############################
## REGULAR EXPRESSIONS #####
############################

# Come back to this lecture later on if you are ready to get started with Django!

# Regular expressions are text matching patterns described with a formal syntax.
# You'll often hear regular expressions referred to as 'regex' or 'regexp' in
# conversation. Regular expressions can include a variety of rules, from finding
# repetition, to text-matching, and much more. As you advance in Python you'll
# see that a lot of your parsing problems can be solved with regular expressions

# If you're familiar with Perl, you'll notice that the syntax for regular
# expressions are very similar in Python. We will be using the re module with
# Python for this lecture.
#
# Also check out: http://regexcheatsheet.com/
#
# Let's get started!

######################################
### Searching for Patterns in Text ###
######################################
# One of the most common uses for the re module is for finding patterns in text.
# Let's do a quick example of using the search method in the re module to find
# some text:

import re

# List of patterns to search for
patterns = [ 'term1', 'term2' ]

# Text to parse
text = 'This is a string with term1, but it does not have the other term.'

for pattern in patterns:
    print 'Searching for "%s" in: \n"%s"' % (pattern, text),

    #Check for match
    if re.search(pattern,  text):
        print '\n'
        print 'Match was found. \n'
    else:
        print '\n'
        print 'No Match was found.\n'


# Now we've seen that re.search() will take the pattern, scan the text, and then
# returns a Match object. If no pattern is found, a None is returned.
# To give a clearer picture of this match object, check out the code below:


# List of patterns to search for
pattern = 'term1'

# Text to parse
text = 'This is a string with term1, but it does not have the other term.'

match = re.search(pattern,  text)

type(match)


# This Match object returned by the search() method is more than just a Boolean
# or None, it contains information about the match, including the original input
# string, the regular expression that was used, and the location of the match.
# Let's see the methods we can use on the match object:

# Show start of match
match.start()

# Show end
match.end()

#######################################
#### Split with regular expressions ###
#######################################

# Let's see how we can split with the re syntax. This should look similar to how
# you used the split() method with strings.

# Term to split on
split_term = '@'

phrase = 'What is the domain name of someone with the email: hello@gmail.com'

# Split the phrase
re.split(split_term,phrase)


# Note how re.split() returns a list with the term to spit on removed and the
# terms in the list are a split up version of the string. Create a couple of
# more examples for yourself to make sure you understand!
#

############################################
### Finding all instances of a pattern #####
############################################

# You can use re.findall() to find all the instances of a pattern in a string.
# For example:

# Returns a list of all matches
re.findall('match','test phrase match is in middle')
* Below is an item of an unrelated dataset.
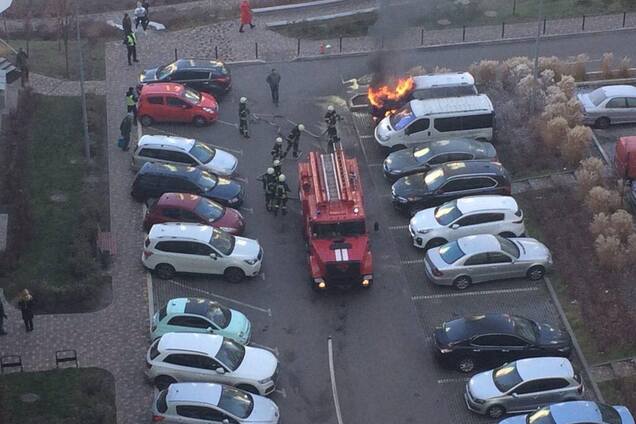 Был в маске: в Киеве на территории элитного ЖК подожгли авто. Фото и видео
############################
### Pattern re Syntax ######
############################

# This will be the bulk of this lecture on using re with Python. Regular
# expressions supports a huge variety of patterns the just simply finding
# where a single string occurred.
#
# We can use *metacharacters* along with re to find specific types of patterns.
#
# Since we will be testing multiple re syntax forms, let's create a function
# that will print out results given a list of various regular expressions and
# a phrase to parse:


def multi_re_find(patterns,phrase):
    '''
    Takes in a list of regex patterns
    Prints a list of all matches
    '''
    for pattern in patterns:
        print 'Searching the phrase using the re check: %r' %pattern
        print re.findall(pattern,phrase)
        print '\n'

##########################
### Repetition Syntax ####
##########################

# There are five ways to express repetition in a pattern:
#
#     1.) A pattern followed by the meta-character * is repeated zero or more times.
#     2.) Replace the * with + and the pattern must appear at least once.
#     3.) Using ? means the pattern appears zero or one time.
#     4.) For a specific number of occurrences, use {m} after the pattern, where
#         m is replaced with the number of times the pattern should repeat.
#     5.) Use {m,n} where m is the minimum number of repetitions and n is the
#         maximum. Leaving out n ({m,}) means the value appears at least m times,
#         with no maximum.
#
# Now we will see an example of each of these using our multi_re_find function:


test_phrase = 'sdsd..sssddd...sdddsddd...dsds...dsssss...sdddd'

test_patterns = [ 'sd*',     # s followed by zero or more d's
                'sd+',          # s followed by one or more d's
                'sd?',          # s followed by zero or one d's
                'sd{3}',        # s followed by three d's
                'sd{2,3}',      # s followed by two to three d's
                ]

multi_re_find(test_patterns,test_phrase)

#############################
### Character Sets ##########
#############################

# Character sets are used when you wish to match any one of a group of
# characters at a point in the input. Brackets are used to construct character
# set inputs. For example: the input [ab] searches for occurrences of either a or b.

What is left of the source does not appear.